* [Required work]
Write out the full listing exactly as given, minus the images.

* [Data below]

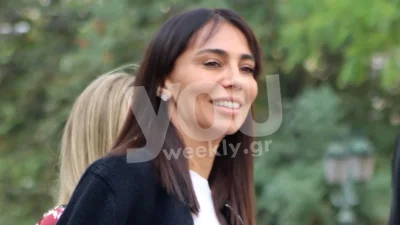 Το συγκλονιστικό denim look της Ολυμπίας Χοψονίδου θα το ζηλέψουν όλες - Πως συνδύασε την Chanel τσάντα της;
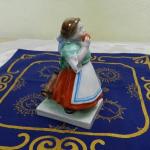 Porzellanfigur - weißes Porzellan - Herend Hungary (founded in 1826) - 1900 Porzellanfigur - weißes Porzellan - Herend Hungary (founded in 1826) - 1900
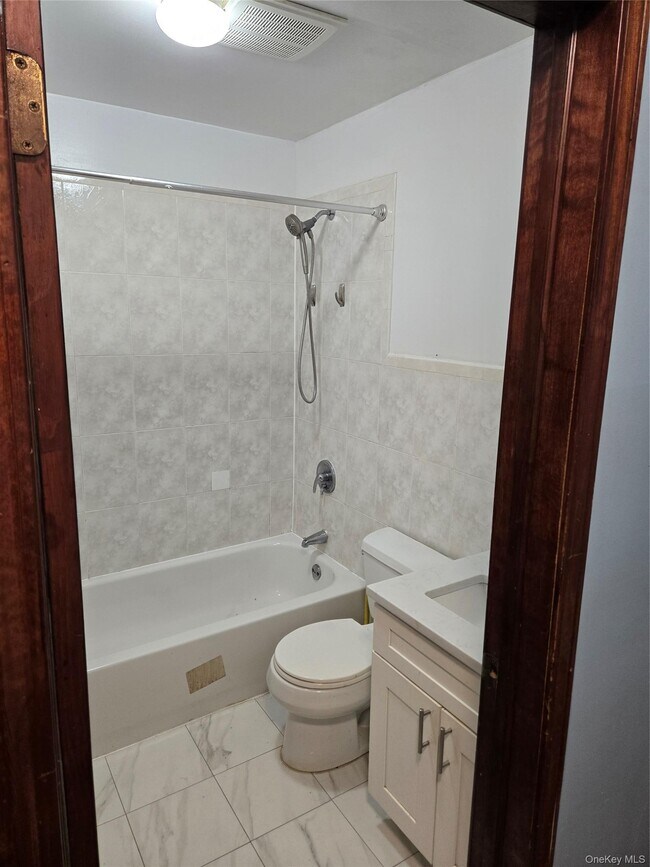 Foto del edificio - 3809 Barnes Ave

* [Task answer]
 Το συγκλονιστικό denim look της Ολυμπίας Χοψονίδου θα το ζηλέψουν όλες - Πως συνδύασε την Chanel τσάντα της;
 Porzellanfigur - weißes Porzellan - Herend Hungary (founded in 1826) - 1900 Porzellanfigur - weißes Porzellan - Herend Hungary (founded in 1826) - 1900
 Foto del edificio - 3809 Barnes Ave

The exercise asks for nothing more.